Populismo y nostalgia marxista- Miguel Saralegui

Populismo y nostalgia marxista- Miguel Saralegui

Compartir

Hoy el liberalismo está triste. El actual decaimiento contrasta con la alegría exaltada de hace treinta años, cuando caía el Muro de Berlín. En el plano intelectual, el texto que mejor reflejaba aquel sentimiento de superioridad era “El final de la historia” de Francis Fukuyama. Muchos filósofos lo han considerado presuntuoso. Solo quien carece de imaginación podía pensar que la historia había dejado de ser el reino de la fortuna por algo tan coyuntural como la conclusión de la Guerra Fría.

A pesar de su validez conceptual, estos reproches son menos razonables desde un punto de vista político. En la década de los 90, nadie tenía dudas de que el último gran episodio de la historia había terminado: en la guerra entre liberalismo y comunismo, los liberales habían vencido por goleada. A comienzos de los noventa, lo que coincide con la Transición chilena, nadie dudaba de que el fin de la historia no consistiría en el paraíso sin clases, sino en irse de compras, invertir en pisos y pensar en la realización personal en forma de vacaciones y hobbies. Si no se había acabado la historia, todos estábamos seguros de que se había acabado la política.

Pero el liberalismo ha dejado de estar contento. Después del Antiguo Régimen, de los fascismos y del socialismo, el liberalismo se enfrenta a un nuevo enemigo: el populismo. El liberalismo no debería inquietarse por un populismo cuyos representantes emblemáticos son Donald Trump o Jair Bolsonaro. Sus propias contradicciones, su cortoplacismo, su falta de ideales alternativos al liberalismo condenan al populismo a la irrelevancia. El populismo es una estrategia electoral que puede debilitar a las instituciones liberales, pero que no puede ni quiere sustituirlas. Por lo tanto, debemos resolver la siguiente pregunta: ¿por qué el liberalismo, que no perdió el sentido del humor en su batalla secular contra Marx, sí lo está perdiendo en su disputa con Nigel Farage?

A diferencia del marxismo, el populismo no defiende una concepción alternativa de la sociedad.

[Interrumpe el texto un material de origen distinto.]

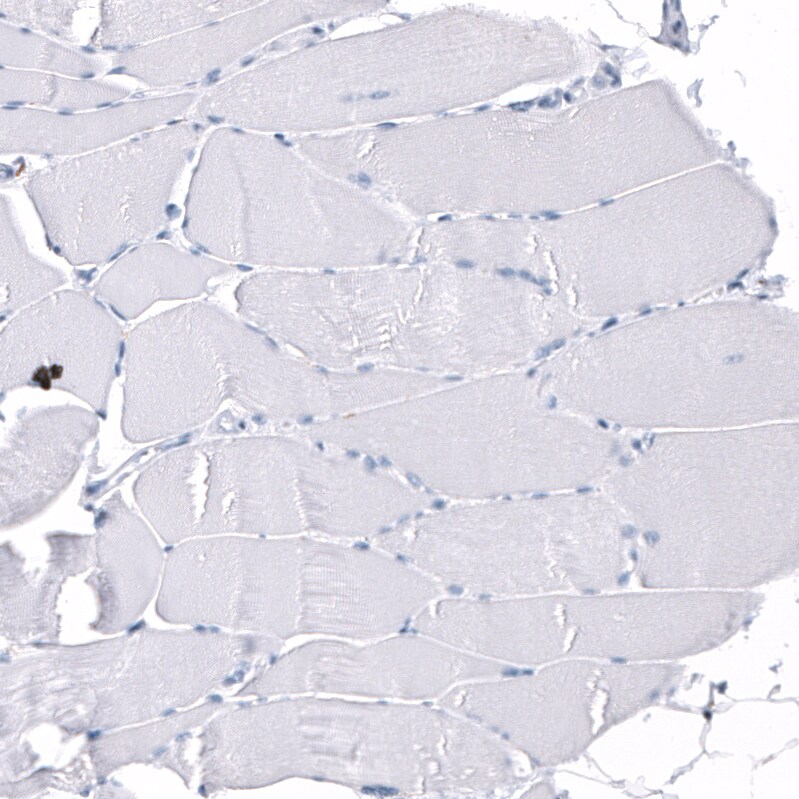 Immunohistochemistry-Paraffin: GAP-43 Antibody [NBP3-21182] -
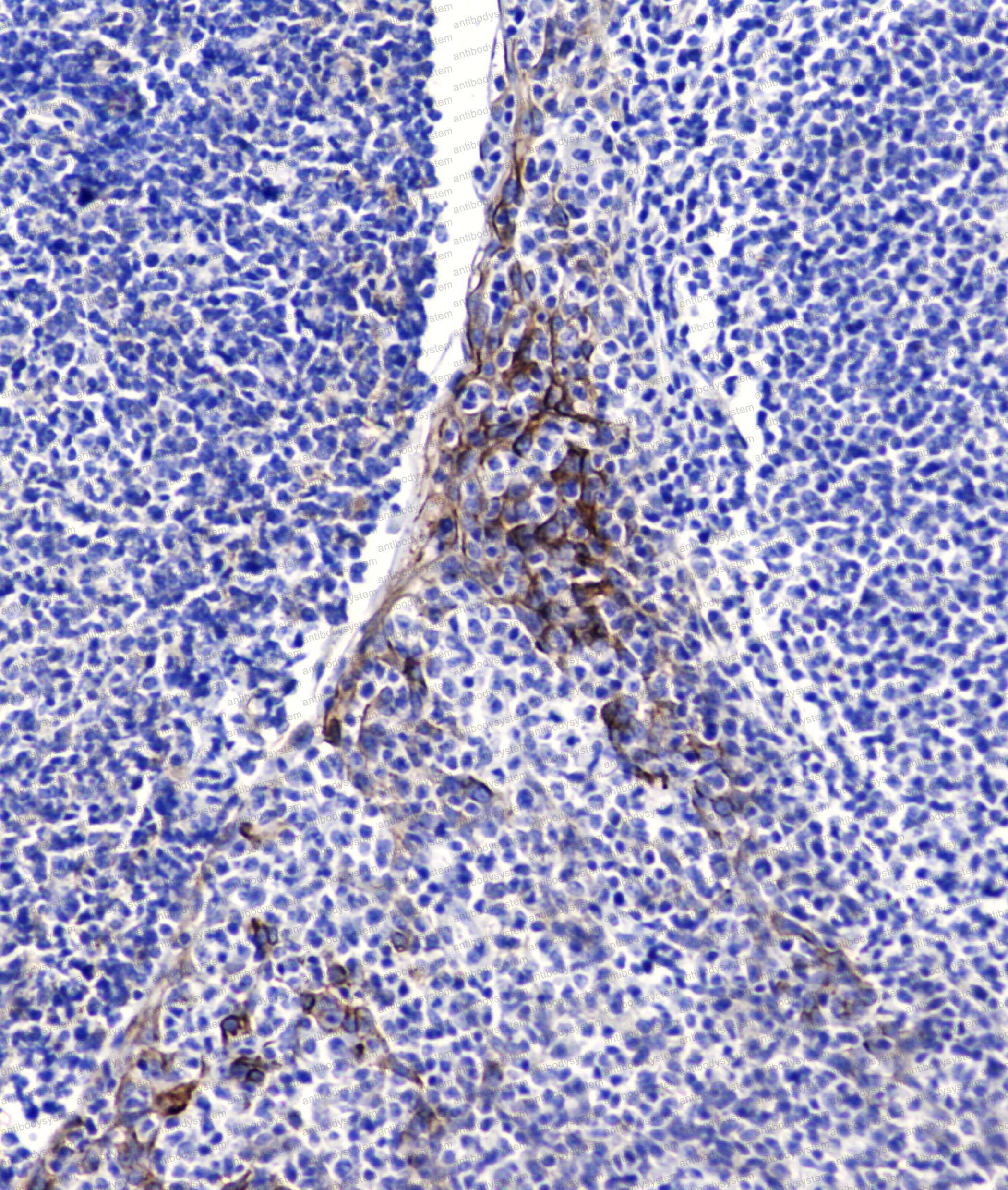 Anti-CD54/ICAM1 Antibody (R2Z21)
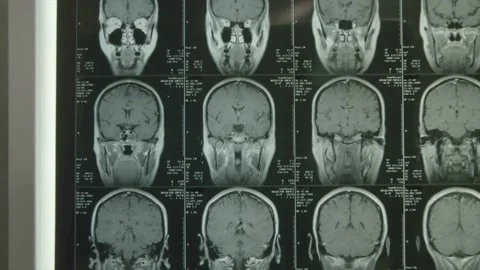 Hospital X-ray brain scan 03 Stock Footage 145820007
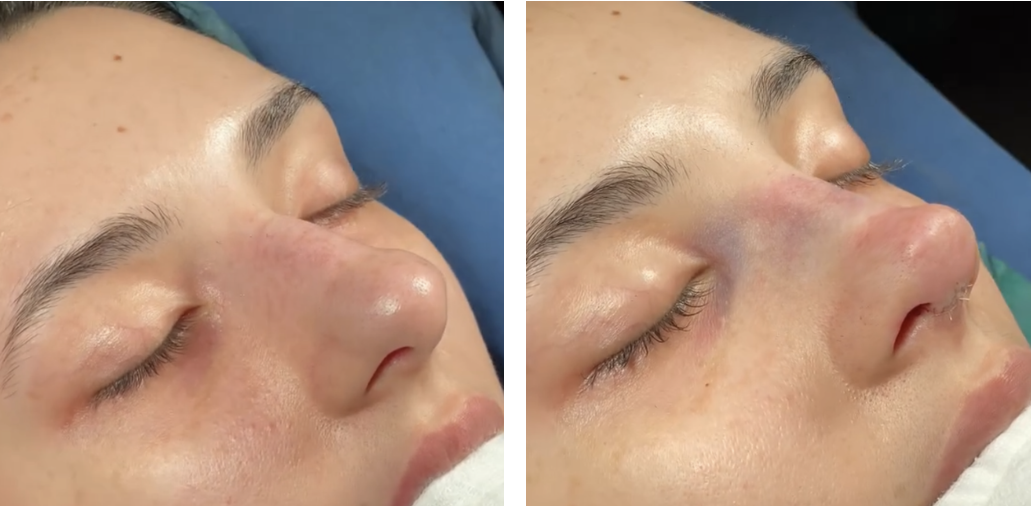 Before and after primary rhinoplasty revision rhinoplasty in Istanbul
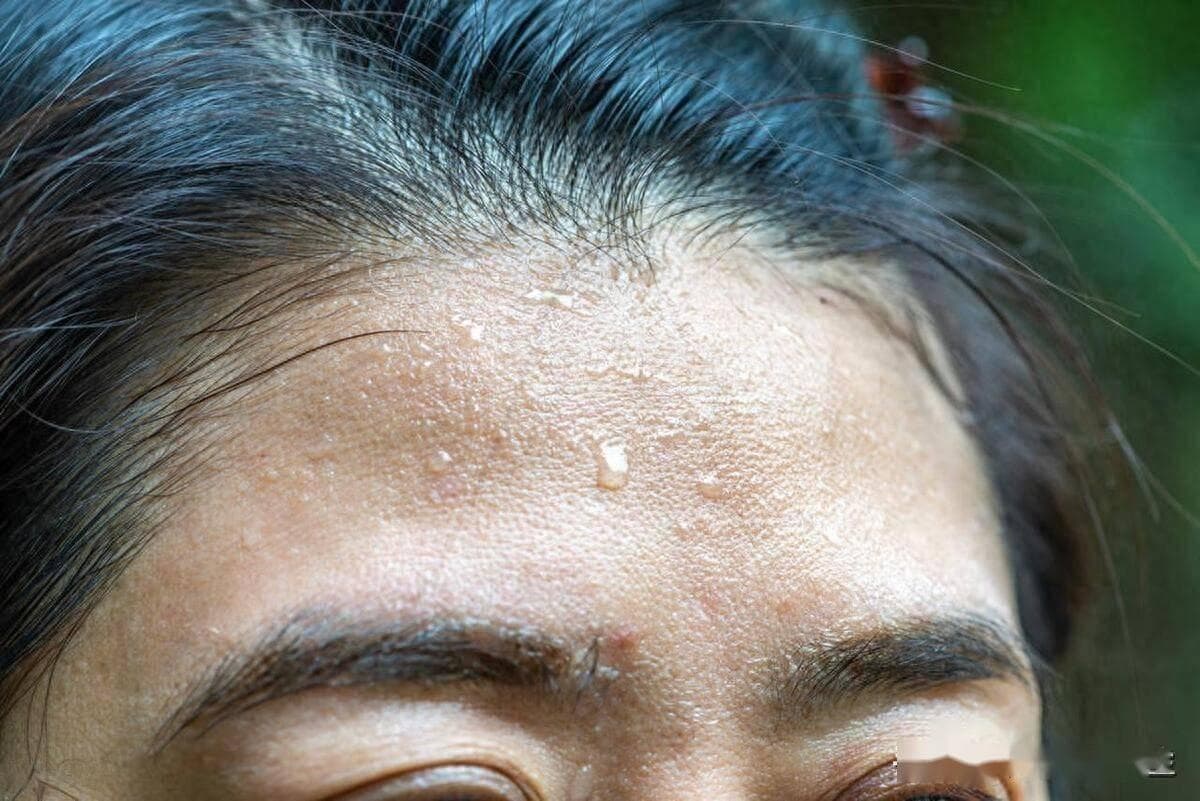 白天“自汗”和晚上“盗汗”，哪一个对身体影响更大？中医告诉你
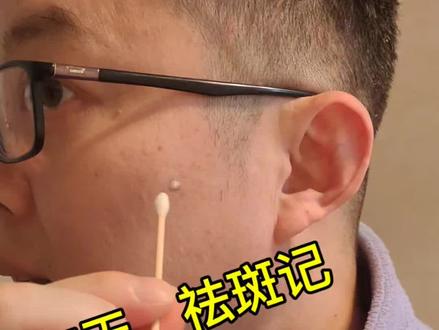 #养生 #祛斑#美容#强烈推荐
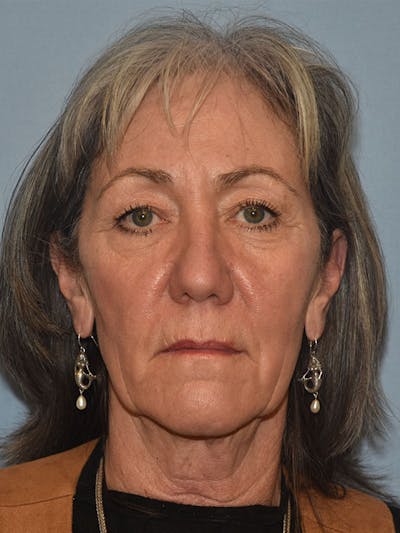 Facelift Before & After Gallery - Patient 930112 - Image 1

El populista también es individualista y capitalista. Si el plebiscito es una herramienta necesaria y peligrosa para un liberalismo que considera que todo poder debe ser limitado (también el de origen popular), el populista exagera su carácter plebiscitario, como si la legitimación democrática del poder fuera lo mismo que un poder razonablemente ejercido. Al liberal le irrita el populista, porque presenta la versión más insustancial de la cosmovisión liberal. Precisamente el concepto más famoso acuñado por la ideología populista, la posverdad, muestra con claridad cómo el populismo caricaturiza la concepción liberal de la sociedad abierta.

Contra el Antiguo Régimen y contra las sociedades cerradas promovidas por los totalitarismos, el liberalismo defiende que, en la esfera pública, debe regir una completa libertad de discurso. El liberalismo no admite que las inexactitudes y mentiras deban ser perseguidas por una institución de control de conocimiento. Piensa que, en el debate público, la imprecisión y la exageración ayudarán al hallazgo de la verdad. Formalmente, el populista defiende el mismo principio: la esfera pública debe ser abierta, no se debe perseguir ninguna opinión. Sin embargo, para el populista, la inexactitud no representa una ocasión para acercarse a la verdad, sino que acepta la mentira como una situación definitiva. La originalidad de la posverdad en la larga historia de la mentira política es el descaro con que se la reconoce en público.

Carl Schmitt decía que la esencia de lo político se caracteriza por la oposición entre amigo y enemigo. Esta oposición significa que, también en la vida comunitaria, nos entendemos a través del otro, lo cual no es una idea tan diferente de la competencia capitalista. Hasta 1989, el liberalismo se entendía a sí mismo a través de un enemigo formidable: el marxismo. El comunismo le presentaba una imagen completa de la historia, la sociedad y el hombre a la que el liberalismo debía responder. Contra el marxismo, el liberalismo fue capaz de pensarse a sí mismo de modo global, no solo como ideología económica; de llegar a compromisos en la relación entre sociedad y mercado, de proteger a ciertos sectores de la comunidad para que no fueran seducidos por la utopía marxista.

Desde 1989, el liberalismo carece de enemigo, no tiene un contradictor a su altura. El liberalismo ha perdido el sentido del humor porque ya no se enfrenta a un rival filosófico. La capacidad del populismo de adoptar un principio liberal y deformarlo causa que el liberalismo se pueda sentir más inerme y desesperanzado en esta guerra de tuits que durante el medio siglo que se estuvo al borde del colapso nuclear. La necesidad del enemigo para saber quiénes somos es lo que produce que, pasados treinta años desde la caída del Muro, el liberalismo solo pueda sentir nostalgia del desaparecido marxismo.